Hal böyleyken Türkiye’de iktidar, o bildiğimiz “Biz lider ülkeyiz, Avrupa Türkiye’yi çekemiyor ve bizi kıskanıyor” şeklindeki ezberlerini tekrarlamaya devam ediyor. Oysa Türkiye’nin hali son derece açık ve net… Hukukun üstünlüğünde ve özgürlüklerde Zambiya ligindeyiz ve herkesin güvenle bakabileceği bir ‘hukuk devleti’ olma arzusu da ortalarda gözükmüyor.

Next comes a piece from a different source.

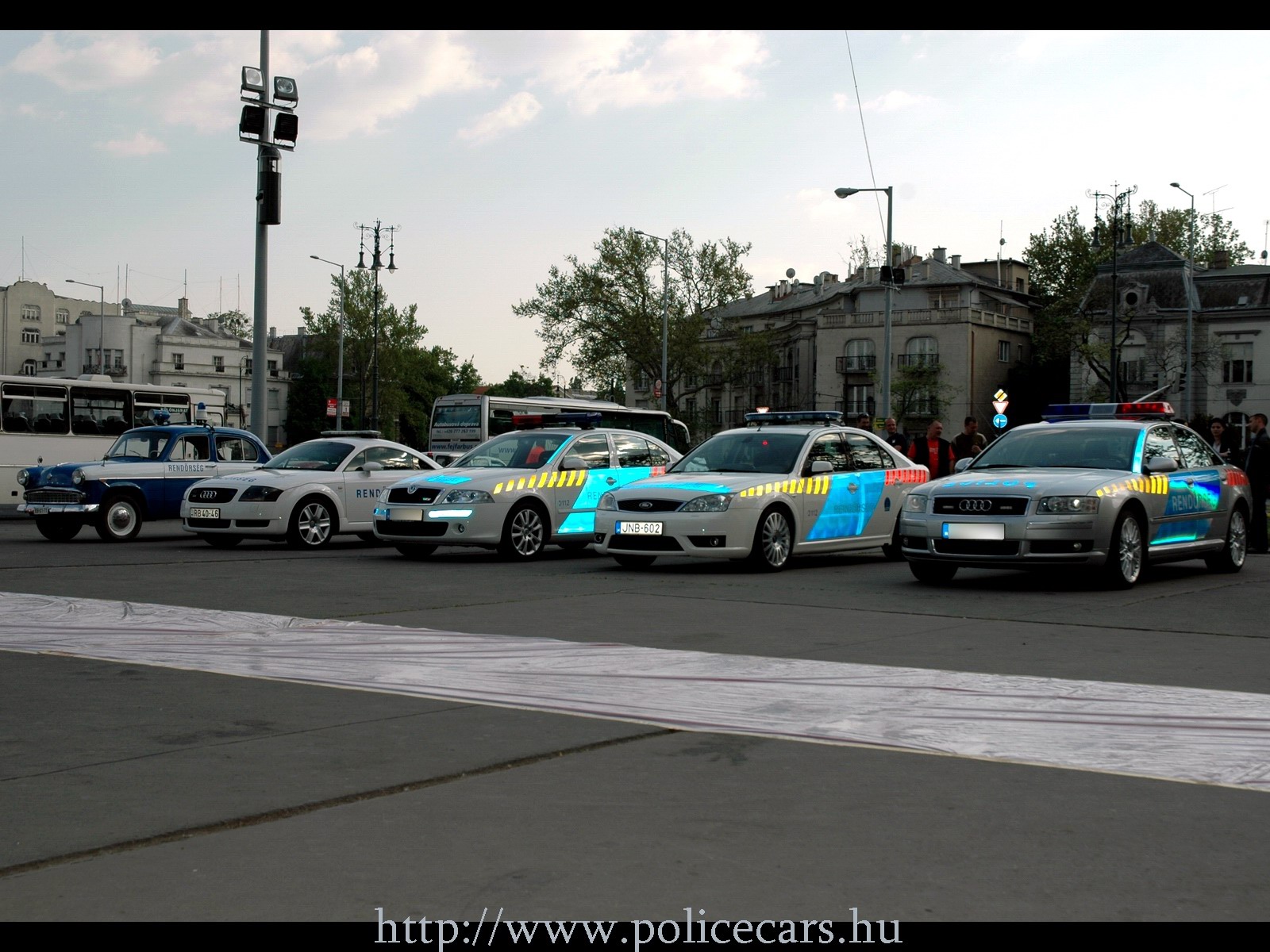 Audi A8, Ford Mondeo ST, Skoda Octavia II RS, Audi TT, Moszkvics 407, fotó:
Keywords: hungarian Hungary magyar Magyarország rendőrautó rendőr police policecar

Doğal olarak böyle bir Türkiye fotoğrafıyla kimseye ‘güven’ veremediğimiz için hiçbir yabancı yatırımcı kapımızı çalmıyor, tefeciler dışında ciddi finans kuruluşlarından kredi bulamıyoruz. Daha da vahim olanı, dünyada üçüncü sınıf ülkeler hariç hiçbir ülkenin vatandaşlarına uygulanmayan ‘aşağılayıcı’ bir vize muamelesine muhatap oluyoruz, açıkçası gizli bir yaptırımla karşı karşıyayız.
Her ne kadar Dışişleri Bakanı Çavuşoğlu “Biz burada kasıt görüyoruz” dese de Avrupa Parlamentosu Türkiye Raportöre Nacho Sanchez Amor, Türkiye’nin Davutoğlu’nun başbakanlığı döneminde gerekli 72 kıstastan sadece altısının kaldığının altını çizerek konunun iktidara sorulması gerektiğini söyledi. Amor’un Avrupa Komisyonu’nun Ekim ayında çıkacak olan raporuyla ilgili çok daha ciddi uyarıları var, o ifadeler aynen şöyle: “Maalesef her gün insan hakları ve hukukun üstünlüğü konusunda çok üzücü haberler alıyoruz. Sürekli Türk yetkililere sadece yasal çerçeveyi değil, uygulamaları da AB standartlarına getirme çağrısı yapmaktan memnun değilim. AB bir demokrasiler kulübü. Burası ticari veya askeri bir kuruluş değil. AB, ortak değerler ve ortak demokratik uygulamalar üzerine kuruludur.”
Öyle anlaşılıyor ki Türkiye evrensel hukuk değerlerini yok sayarak, Osman Kavala davasında olduğu gibi AİHM’nin “derhal serbest bırakın” kararına meydan okumaya, konserleri, şarkıları yasaklamaya devam ettiği müddetçe önümüzdeki dönemlerde de ‘vize duvarı’ benzeri yaptırımlarla karşılaşması kaçınılmaz gibi gözüküyor. Bu arada, ABD ve Avnupa’nın Rusya’ya uyguladığı yaptırımları deldiğimiz yönündeki iddialar bağlamında yeni bir fırtınaya yakalanabiliriz.